Underhill LJ held that in deciding to settle, a defendant takes the risk that the claimant's statements are false and he agrees to forego the opportunity to disprove those statements at trial. Where the statements are fraudulent, rather than merely false, though, sums will be recoverable: "while it may be fair to treat the defendant as having taken the risk of the claimant's statements in support of his claim being wrong, it will not – absent any indication to the contrary – be fair to treat him as having taken the risk of them being dishonest" (emphasis added). Here, though, there was "indication to the contrary", because allegations of fraud had already been made by the insurer prior to the settlement.
However, Underhill LJ recognised that this reasoning might not be reconcilable with the earlier Court of Appeal ruling in the case that the claim could proceed. Accordingly, he said that "the fair thing is to park that question and consider whether my reasoning can be re-cast in a form which, albeit perhaps less satisfactory, avoids the potential conflict".
Accordingly, the Court of Appeal's decision is based on the reliance point instead. Being influenced by the possibility that statements may be believed by the court does not constitute "reliance" on misrepresentations. To rescind an agreement for misrepresentation, "the claimant must have given some credit to its truth, and been induced into making the contract by a perception that it was true rather than false". In this case, the insurers had not merely disbelieved the claimant's assertions about his injuries, they had also pleaded (under a statement of truth) that they were fraudulent. Accordingly, the settlement agreement could not be rescinded.
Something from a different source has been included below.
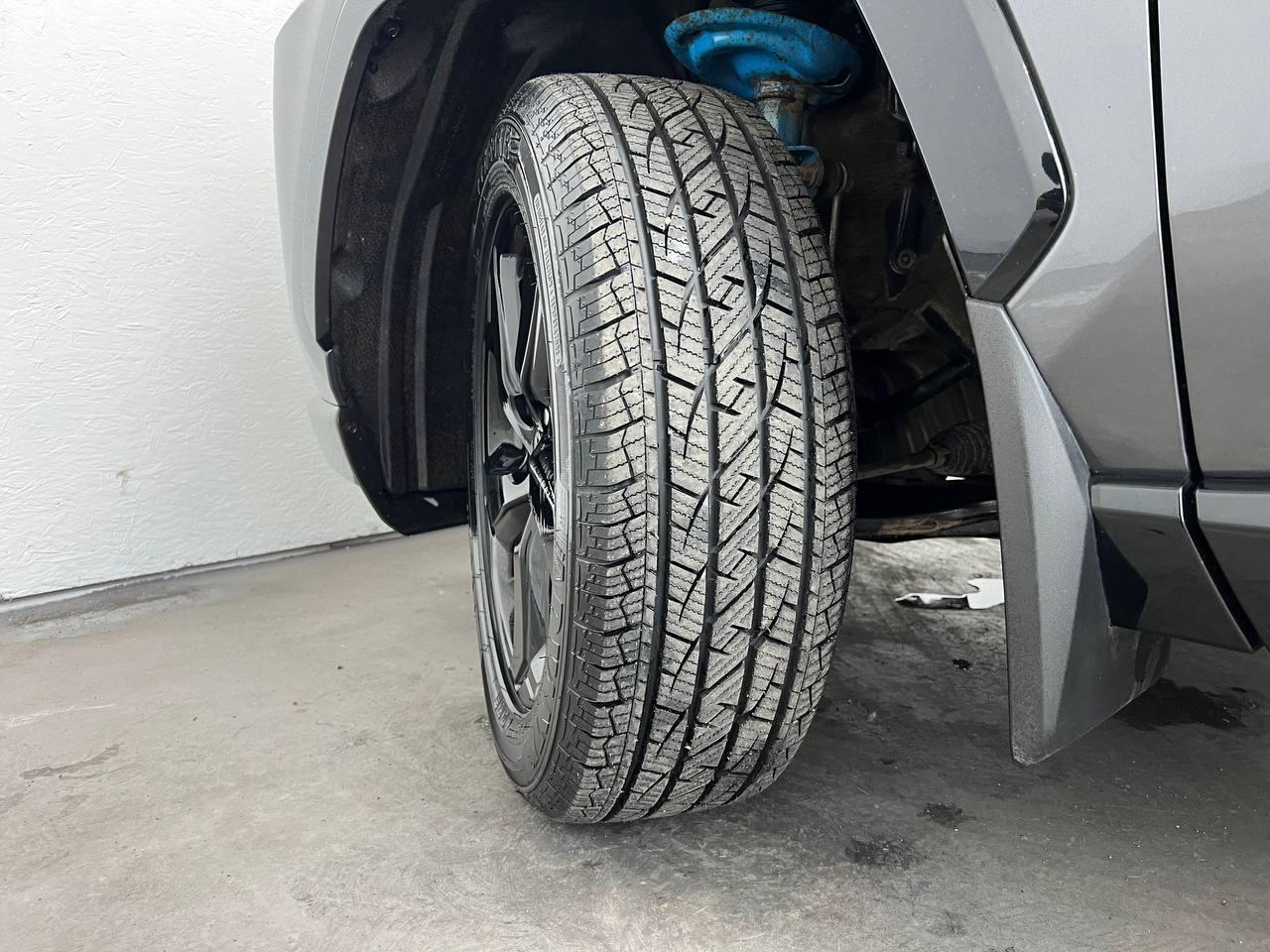 Toyota RAV4 Hybrid XSE AWD (Natl) 2021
COMMENT: Had the insurer in this case not investigated and discovered a suspected fraud prior to the settlement, the later discovery of proof of fraud would have allowed it to rescind the settlement agreement. However, having already believed that the claim was fraudulent prior to settlement, the insurer was stuck with its bargain. That result could have been avoided by drafting the settlement in such a way that discovery of further evidence would have allowed the insurer to terminate the agreement (whether the claimant would have agreed to such a term, though, is doubtful).